Following the departure of Britain from the European Union, several headlines dominated the media. Exporters of perishable goods unable to deliver in time due to new complex declarations, issues with commodity codes and customs declarations, shippers temporarily stopping deliveries from Great Britain to the European Continent and Ireland to name a few.
Goods going into the Republic of Ireland from Britain resulted in hauliers and importers in Ireland struggling to deal with customs regulations and border checks after the introduction of border controls on UK imports.
Many industry sectors reported facing additional paperwork, customs formalities, transport delays and disruption to delivery schedules. These changes imposed additional costs on businesses, putting pressure on manufacturers to absorb these costs which will ultimately lead to higher prices for consumers.
Hauliers are seeking new routes between Ireland and the EU to avoid the UK due to the additional customs checks and delays.

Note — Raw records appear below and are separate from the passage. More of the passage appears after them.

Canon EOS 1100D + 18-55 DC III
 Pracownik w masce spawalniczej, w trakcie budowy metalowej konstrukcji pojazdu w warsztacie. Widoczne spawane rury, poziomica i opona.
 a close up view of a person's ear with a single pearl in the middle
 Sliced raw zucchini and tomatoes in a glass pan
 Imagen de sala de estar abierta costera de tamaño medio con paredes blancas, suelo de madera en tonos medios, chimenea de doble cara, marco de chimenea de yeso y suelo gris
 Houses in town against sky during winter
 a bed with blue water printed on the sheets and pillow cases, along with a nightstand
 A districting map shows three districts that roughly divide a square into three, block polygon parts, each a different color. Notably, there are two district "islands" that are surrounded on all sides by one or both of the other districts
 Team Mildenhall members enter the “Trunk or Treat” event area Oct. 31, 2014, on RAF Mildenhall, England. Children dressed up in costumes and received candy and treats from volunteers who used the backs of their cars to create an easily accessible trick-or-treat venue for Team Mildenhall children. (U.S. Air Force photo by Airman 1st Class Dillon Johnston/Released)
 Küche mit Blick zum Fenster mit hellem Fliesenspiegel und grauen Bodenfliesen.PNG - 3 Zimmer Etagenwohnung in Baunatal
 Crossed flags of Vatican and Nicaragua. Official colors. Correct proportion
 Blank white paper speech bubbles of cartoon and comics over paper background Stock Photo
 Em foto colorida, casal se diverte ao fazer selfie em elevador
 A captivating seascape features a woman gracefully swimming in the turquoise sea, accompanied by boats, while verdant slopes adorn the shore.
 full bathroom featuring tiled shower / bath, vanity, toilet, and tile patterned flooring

News reports show long lines of trucks at the borders and in the ports that link Great Britain to mainland Europe.
In January exports plummeted by 41% and imports by 29% as the UK’s departure from the EU’s single market had a major impact.
To facilitate trade, minimise disruptions for businesses and avoid shortages, the UK has so far delayed the implementation of checks at its border, announcing that checks, which were meant to be introduced on April 1st, would not come into force until July.
The locations of England’s eight new freeports were announced in March
- East Midlands Airport
- Felixstowe and Harwich
- Humber Region
- Liverpool City Region
Now the UK has left the EU, the development of free ports, according to Brexit supporters, will offer greater flexibility to set up low tax economic areas.